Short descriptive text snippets
# # #

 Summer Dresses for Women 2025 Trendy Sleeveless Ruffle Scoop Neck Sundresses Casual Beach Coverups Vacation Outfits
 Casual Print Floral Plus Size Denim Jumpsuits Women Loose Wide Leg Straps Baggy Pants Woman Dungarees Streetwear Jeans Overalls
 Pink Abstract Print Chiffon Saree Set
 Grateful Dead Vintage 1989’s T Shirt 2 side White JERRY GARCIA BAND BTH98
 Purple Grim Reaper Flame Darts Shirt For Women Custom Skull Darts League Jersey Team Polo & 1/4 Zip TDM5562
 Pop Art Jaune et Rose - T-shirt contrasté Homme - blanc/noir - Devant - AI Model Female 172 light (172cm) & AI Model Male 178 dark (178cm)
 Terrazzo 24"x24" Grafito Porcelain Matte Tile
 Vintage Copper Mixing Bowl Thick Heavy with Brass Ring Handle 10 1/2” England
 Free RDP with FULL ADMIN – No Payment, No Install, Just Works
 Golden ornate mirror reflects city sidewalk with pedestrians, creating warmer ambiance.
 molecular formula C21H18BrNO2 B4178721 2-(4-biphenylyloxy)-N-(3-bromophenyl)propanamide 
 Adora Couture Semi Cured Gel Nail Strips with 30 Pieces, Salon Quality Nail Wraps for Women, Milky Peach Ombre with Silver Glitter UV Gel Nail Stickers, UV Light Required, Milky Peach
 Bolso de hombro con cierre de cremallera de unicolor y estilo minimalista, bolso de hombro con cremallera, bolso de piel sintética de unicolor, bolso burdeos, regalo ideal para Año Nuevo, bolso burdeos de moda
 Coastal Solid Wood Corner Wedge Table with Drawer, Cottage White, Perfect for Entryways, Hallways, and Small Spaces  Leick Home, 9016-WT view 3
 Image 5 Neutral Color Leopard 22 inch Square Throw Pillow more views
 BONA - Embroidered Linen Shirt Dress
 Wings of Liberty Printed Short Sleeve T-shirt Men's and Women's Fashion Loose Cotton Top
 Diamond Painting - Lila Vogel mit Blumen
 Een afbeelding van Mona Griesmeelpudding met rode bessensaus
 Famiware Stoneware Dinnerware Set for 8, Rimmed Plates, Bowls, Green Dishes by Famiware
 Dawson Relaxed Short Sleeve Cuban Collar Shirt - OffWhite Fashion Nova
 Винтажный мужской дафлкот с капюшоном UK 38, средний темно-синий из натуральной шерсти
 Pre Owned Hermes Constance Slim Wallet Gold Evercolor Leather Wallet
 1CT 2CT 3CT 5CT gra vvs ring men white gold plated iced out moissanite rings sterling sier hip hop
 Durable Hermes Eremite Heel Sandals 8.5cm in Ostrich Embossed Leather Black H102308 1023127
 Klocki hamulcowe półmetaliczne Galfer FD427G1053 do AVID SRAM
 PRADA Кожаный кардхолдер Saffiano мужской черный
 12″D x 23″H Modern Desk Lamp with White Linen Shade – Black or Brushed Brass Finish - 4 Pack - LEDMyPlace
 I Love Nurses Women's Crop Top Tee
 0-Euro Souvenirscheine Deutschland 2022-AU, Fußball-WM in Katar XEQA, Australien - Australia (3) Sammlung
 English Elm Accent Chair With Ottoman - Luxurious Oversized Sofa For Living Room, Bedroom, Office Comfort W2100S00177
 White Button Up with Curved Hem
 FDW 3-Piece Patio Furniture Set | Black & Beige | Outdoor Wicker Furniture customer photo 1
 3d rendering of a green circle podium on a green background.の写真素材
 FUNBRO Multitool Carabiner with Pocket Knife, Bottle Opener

# # #

Task to carry out: Could you copy every record above exactly as written?

Response below:
 Summer Dresses for Women 2025 Trendy Sleeveless Ruffle Scoop Neck Sundresses Casual Beach Coverups Vacation Outfits
 Casual Print Floral Plus Size Denim Jumpsuits Women Loose Wide Leg Straps Baggy Pants Woman Dungarees Streetwear Jeans Overalls
 Pink Abstract Print Chiffon Saree Set
 Grateful Dead Vintage 1989’s T Shirt 2 side White JERRY GARCIA BAND BTH98
 Purple Grim Reaper Flame Darts Shirt For Women Custom Skull Darts League Jersey Team Polo & 1/4 Zip TDM5562
 Pop Art Jaune et Rose - T-shirt contrasté Homme - blanc/noir - Devant - AI Model Female 172 light (172cm) & AI Model Male 178 dark (178cm)
 Terrazzo 24"x24" Grafito Porcelain Matte Tile
 Vintage Copper Mixing Bowl Thick Heavy with Brass Ring Handle 10 1/2” England
 Free RDP with FULL ADMIN – No Payment, No Install, Just Works
 Golden ornate mirror reflects city sidewalk with pedestrians, creating warmer ambiance.
 molecular formula C21H18BrNO2 B4178721 2-(4-biphenylyloxy)-N-(3-bromophenyl)propanamide 
 Adora Couture Semi Cured Gel Nail Strips with 30 Pieces, Salon Quality Nail Wraps for Women, Milky Peach Ombre with Silver Glitter UV Gel Nail Stickers, UV Light Required, Milky Peach
 Bolso de hombro con cierre de cremallera de unicolor y estilo minimalista, bolso de hombro con cremallera, bolso de piel sintética de unicolor, bolso burdeos, regalo ideal para Año Nuevo, bolso burdeos de moda
 Coastal Solid Wood Corner Wedge Table with Drawer, Cottage White, Perfect for Entryways, Hallways, and Small Spaces  Leick Home, 9016-WT view 3
 Image 5 Neutral Color Leopard 22 inch Square Throw Pillow more views
 BONA - Embroidered Linen Shirt Dress
 Wings of Liberty Printed Short Sleeve T-shirt Men's and Women's Fashion Loose Cotton Top
 Diamond Painting - Lila Vogel mit Blumen
 Een afbeelding van Mona Griesmeelpudding met rode bessensaus
 Famiware Stoneware Dinnerware Set for 8, Rimmed Plates, Bowls, Green Dishes by Famiware
 Dawson Relaxed Short Sleeve Cuban Collar Shirt - OffWhite Fashion Nova
 Винтажный мужской дафлкот с капюшоном UK 38, средний темно-синий из натуральной шерсти
 Pre Owned Hermes Constance Slim Wallet Gold Evercolor Leather Wallet
 1CT 2CT 3CT 5CT gra vvs ring men white gold plated iced out moissanite rings sterling sier hip hop
 Durable Hermes Eremite Heel Sandals 8.5cm in Ostrich Embossed Leather Black H102308 1023127
 Klocki hamulcowe półmetaliczne Galfer FD427G1053 do AVID SRAM
 PRADA Кожаный кардхолдер Saffiano мужской черный
 12″D x 23″H Modern Desk Lamp with White Linen Shade – Black or Brushed Brass Finish - 4 Pack - LEDMyPlace
 I Love Nurses Women's Crop Top Tee
 0-Euro Souvenirscheine Deutschland 2022-AU, Fußball-WM in Katar XEQA, Australien - Australia (3) Sammlung
 English Elm Accent Chair With Ottoman - Luxurious Oversized Sofa For Living Room, Bedroom, Office Comfort W2100S00177
 White Button Up with Curved Hem
 FDW 3-Piece Patio Furniture Set | Black & Beige | Outdoor Wicker Furniture customer photo 1
 3d rendering of a green circle podium on a green background.の写真素材
 FUNBRO Multitool Carabiner with Pocket Knife, Bottle Opener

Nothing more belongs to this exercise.